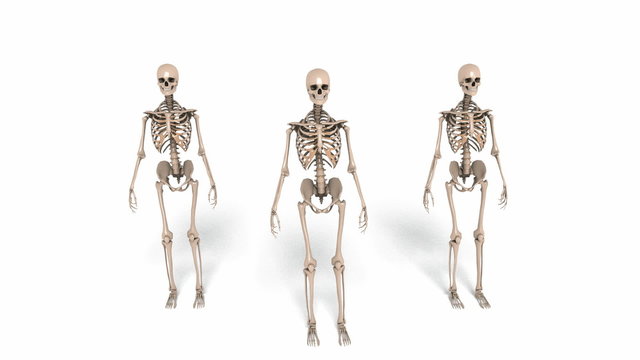 Digital Animation of cheerleading Skeletons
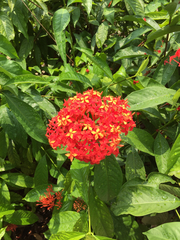 Ixora chinensis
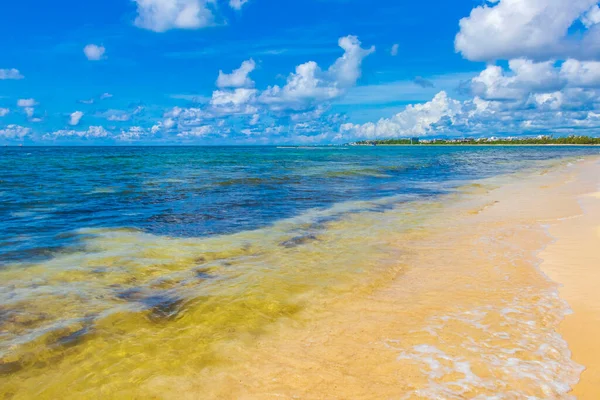 Мексиканский Тропический Пейзаж Бирюзовой Голубой Водой Пляже Playa Del Carmen — стоковое фото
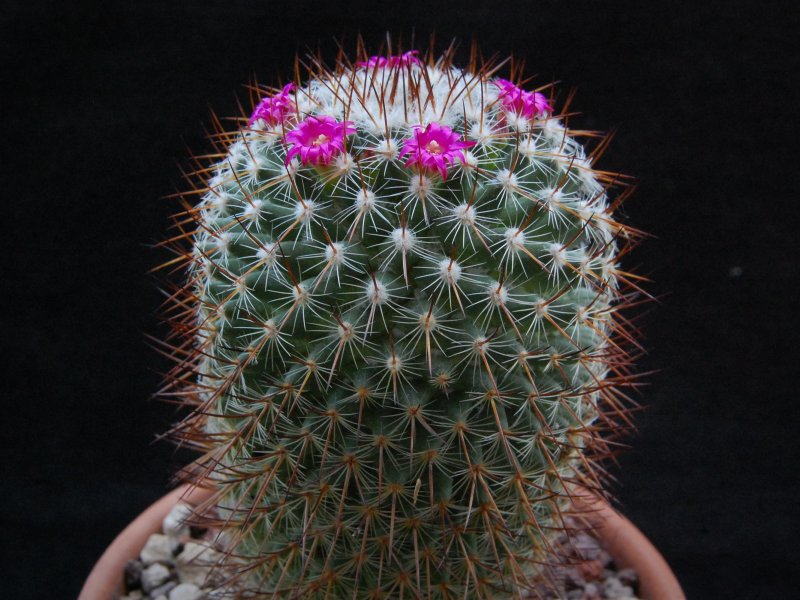 Mammillaria wiesingeri ssp. apamensis REP 910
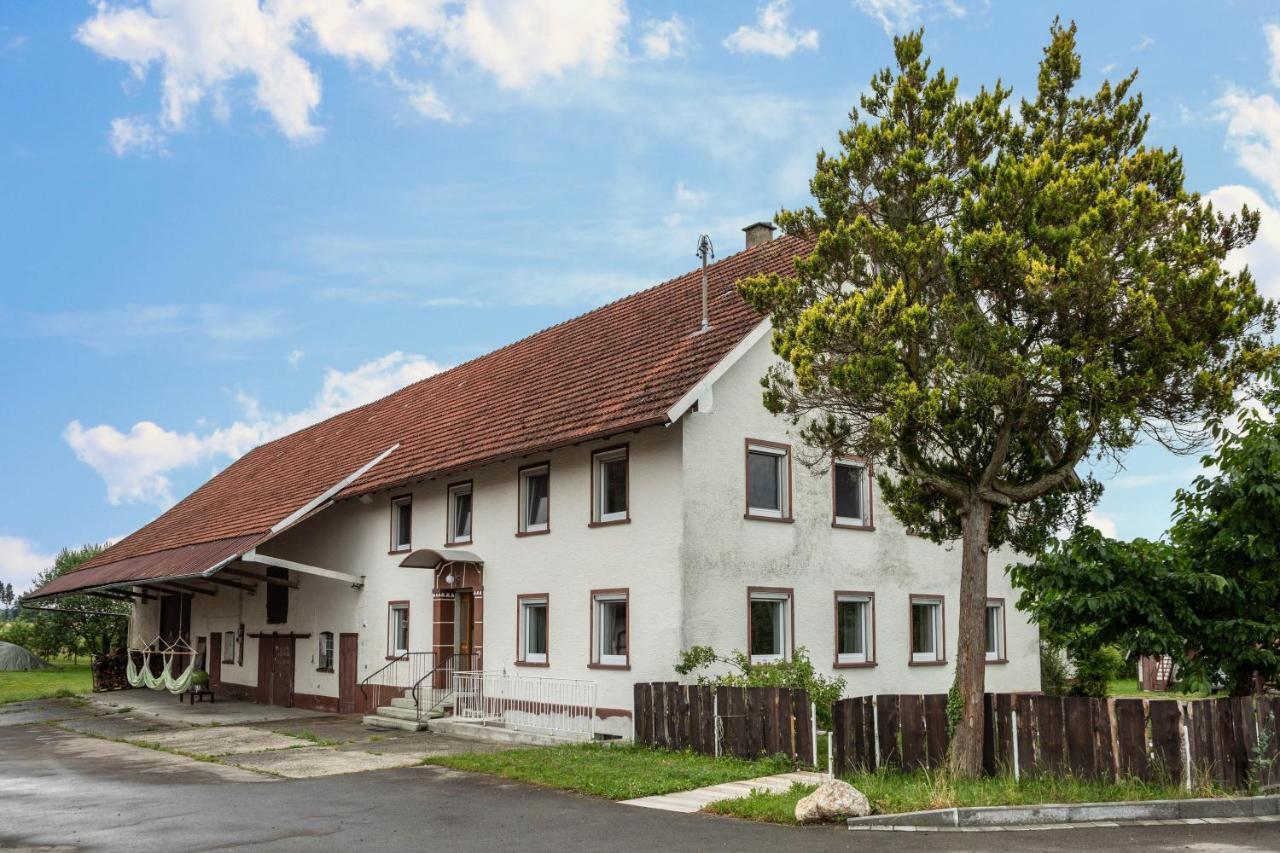 Ferienwohnung Ellenweiler Bis 15 P 腓特烈港 外观 照片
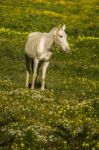 White Horse On A Landscape Field Of Yellow Flowers Stock Photo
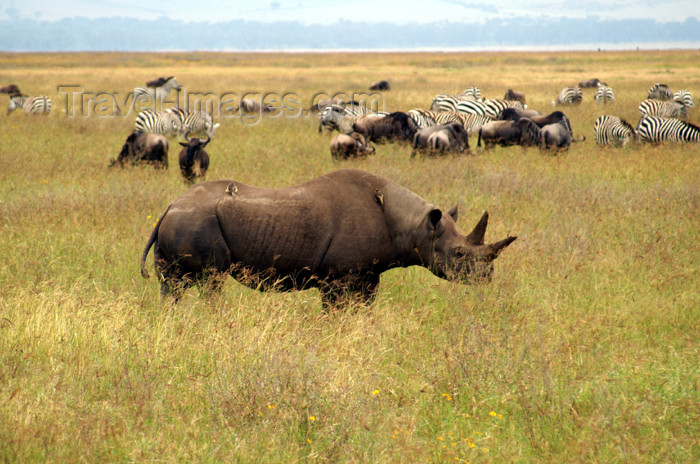 tanzania116: Tanzania - Black Rhinoceros in Ngorongoro Crater - photo by A.Ferrari - (c) Travel-Images.com - Stock Photography agency - Image Bank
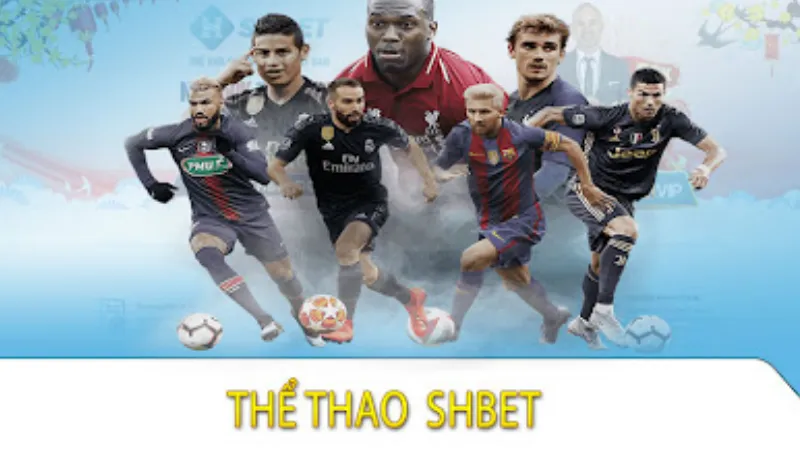 Giới thiệu về sảnh thể thao Shbet thú vị
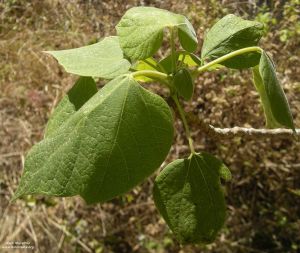 Gyrocarpus americanus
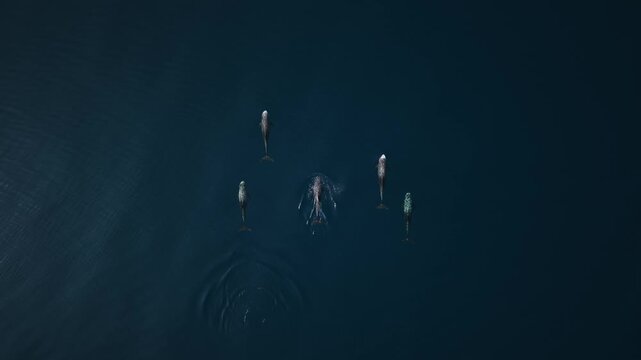 Aerial view of cetacean pod in deep Maldives sea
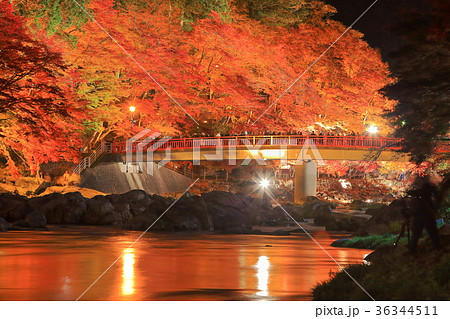 香嵐渓の紅葉ライトアップ（待月橋） 36344511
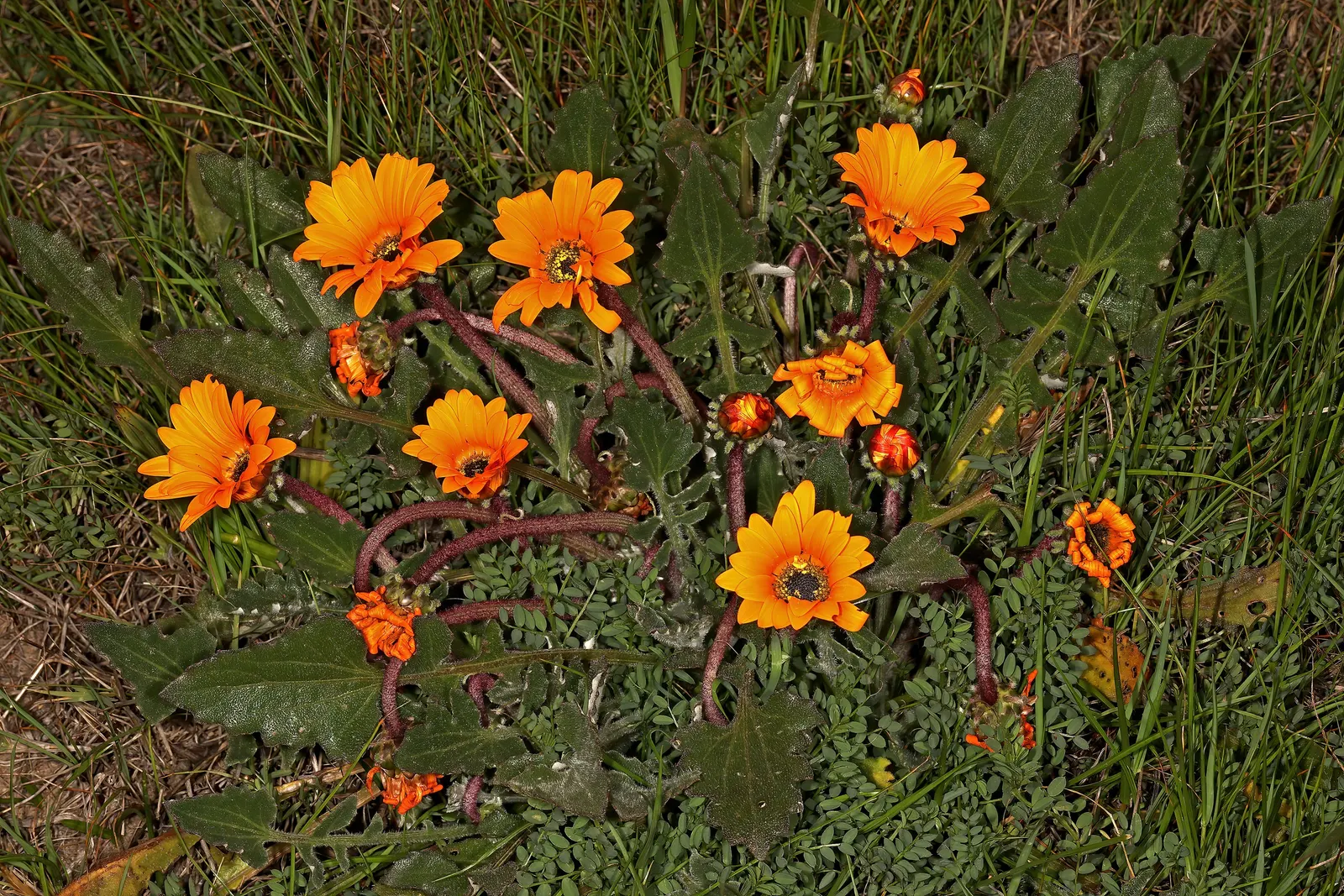 Yellow African Daisy (Arctotis Acaulis) — multi-colored and yellow flowers in the garden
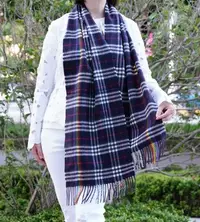 在飛比找Yahoo!奇摩拍賣優惠-Burberry Giant Check Scarf 彩虹格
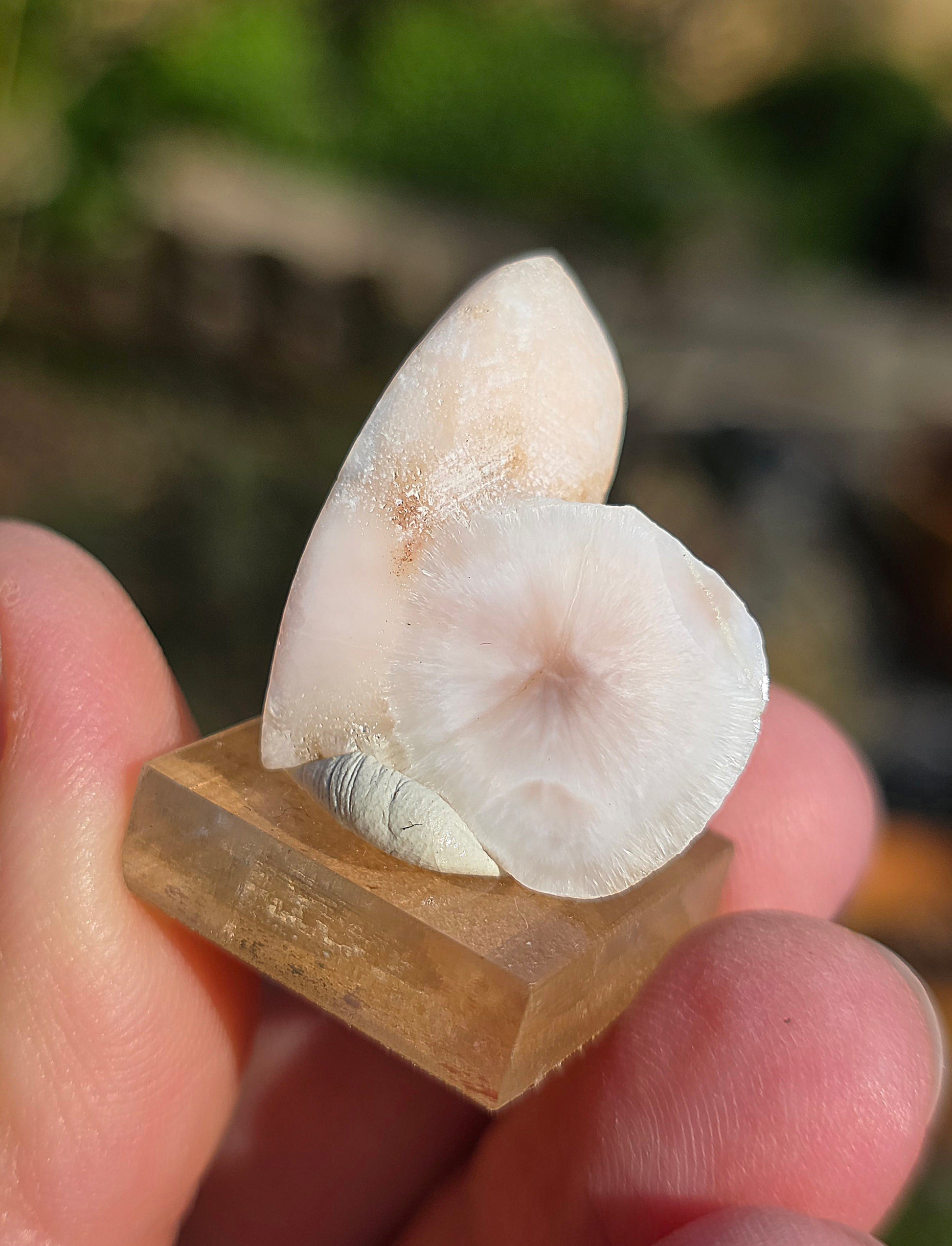 Natrolite double d'Indonésie sur socle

________

Requirement =>
Leaving every picture aside, repeat the listing exactly.

Answer below =>
 Digital Animation of cheerleading Skeletons
 Ixora chinensis
 Мексиканский Тропический Пейзаж Бирюзовой Голубой Водой Пляже Playa Del Carmen — стоковое фото
 Mammillaria wiesingeri ssp. apamensis REP 910
 Ferienwohnung Ellenweiler Bis 15 P 腓特烈港 外观 照片
 White Horse On A Landscape Field Of Yellow Flowers Stock Photo
 tanzania116: Tanzania - Black Rhinoceros in Ngorongoro Crater - photo by A.Ferrari - (c) Travel-Images.com - Stock Photography agency - Image Bank
 Giới thiệu về sảnh thể thao Shbet thú vị
 Gyrocarpus americanus
 Aerial view of cetacean pod in deep Maldives sea
 香嵐渓の紅葉ライトアップ（待月橋） 36344511
 Yellow African Daisy (Arctotis Acaulis) — multi-colored and yellow flowers in the garden
 在飛比找Yahoo!奇摩拍賣優惠-Burberry Giant Check Scarf 彩虹格
 Natrolite double d'Indonésie sur socle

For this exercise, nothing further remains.